The MLB imposed a deadline of February 28 before starting to cancel regular season games. But after 16 hours of talks, things were still unresolved.
Now, the deadline is March 1, and baseball fans wait with bated breath to find out whether a new agreement will be made by the end of the day.
Main points of contention in the MLB lockout
So, what’s really at stake in the MLB lockout? The three biggest things that still need to be settled are:
- Minimum salary: The players want the salary boosted up to $700,000+, but the MLB has only offered $675,000.
- Bonus pool: Players want a new bonus pool for players who aren’t eligible for arbitration yet. MLB says they would agree to it, but at a much smaller scale than the MLBPA would like.

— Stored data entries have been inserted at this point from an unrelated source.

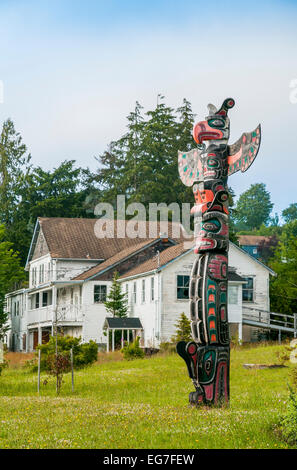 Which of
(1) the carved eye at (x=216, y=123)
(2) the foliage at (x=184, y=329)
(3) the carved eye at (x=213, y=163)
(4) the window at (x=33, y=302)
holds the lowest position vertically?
(2) the foliage at (x=184, y=329)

- Competitive Balance Tax: Also known as CBT, this luxury tax serves as an alternative to a salary cap by limiting the total amount a team can spend on their roster of players. Players want to raise the CBT threshold while owners want to keep it low.
Those are the sticking points, but a number of other collective bargaining issues have also been discussed, including free agency, draft pick compensation, service time restrictions, postseason length and designated hitter rules.
Past MLB strikes and lockouts
While there’s certainly plenty of drama in this year’s lockout, it’s not the first time that a work stoppage has caused an uproar in pro baseball. Here’s a look at some of the past strikes and lockouts in MLB history:
- April 1972 strike: A two-week strike over the players’ pension resulted in the cancellation of 86 regular-reason games, which were not made up later. This was the MLB’s first-ever players’ strike.
- February 1973 lockout: Similar to today’s situation, the first owner lockout occurred after an old collective bargaining agreement expired. Spring training was delayed, but regular season games went on as scheduled.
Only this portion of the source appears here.